Pieter Oomens and Effie Dimos | July 2013 | Commercial Disputes and Transactions

A recent case shows that an otherwise straight forward claim arising from the sale and delivery of goods might be undone so as to thwart winding up proceedings. Creditors should be aware that standard form trading terms cannot deal with every possibility and agreeing to a customer’s supply schedule might have significant ramifications. A creditor’s statutory demand which refers to a debt which is not genuinely disputed may nonetheless be the subject of an offsetting claim which will make the demand ineffective. The plaintiff in the case, In the matter of GO Electrical Pty Limited [2013] NSWSC824, Class Electrical Services Pty Limited (‘CES’) was able to obtain an order to set aside a creditor’s statutory demand that was served on it by the defendant, GO Electrical Pty Limited (‘GO’).
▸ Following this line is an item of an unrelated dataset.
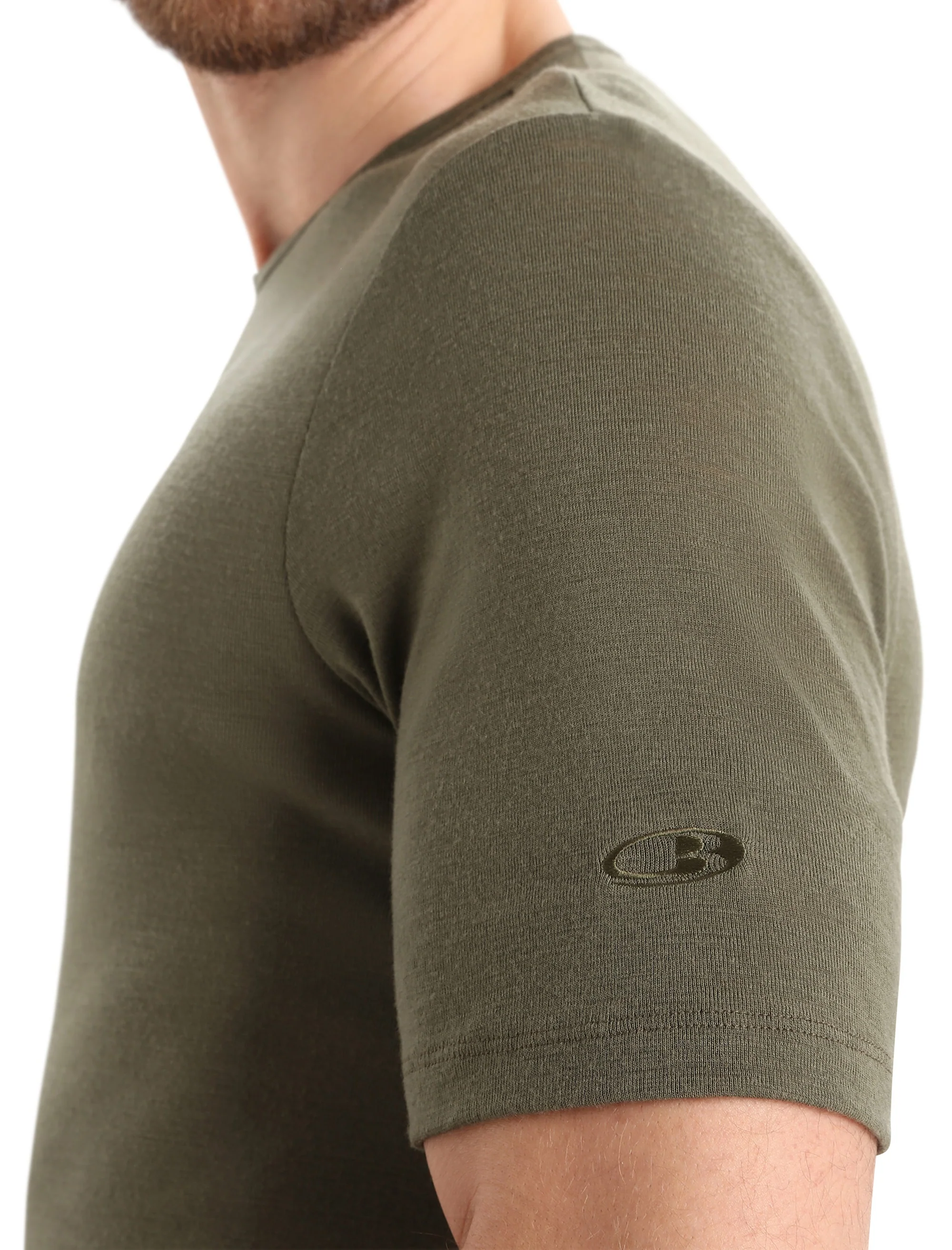 Everyday Merino Short Sleeve Herren 175 - Image 6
The application was successful not on the ground that there was a genuine dispute between the parties about the existence or the amount of the debt, but because it was found that CES had an offsetting claim arising from delays and other problems caused not by GO, but by the suppliers to GO. The case is also important because it gave an insight into the attitude of the Court in assessing an offsetting claim.
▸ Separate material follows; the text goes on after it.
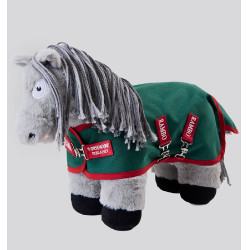 Cobertura Rambo Original para Crafty Ponies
Background: In 2006, CES entered into a contract to purchase goods on credit from GO. Years after establishing the account, CES, which was an electrical contractor, ordered goods from GO so that it might install them on a building project. CES had been engaged on the project by the builder, Cockram. Commencing in mid-2011 and continuing until early 2012, CES placed in excess of $2 million worth of orders with GO. Critically, when placing orders with GO, CES indicated its required delivery times. GO prepared a schedule which it provided to its suppliers and sourced the goods from two particular suppliers.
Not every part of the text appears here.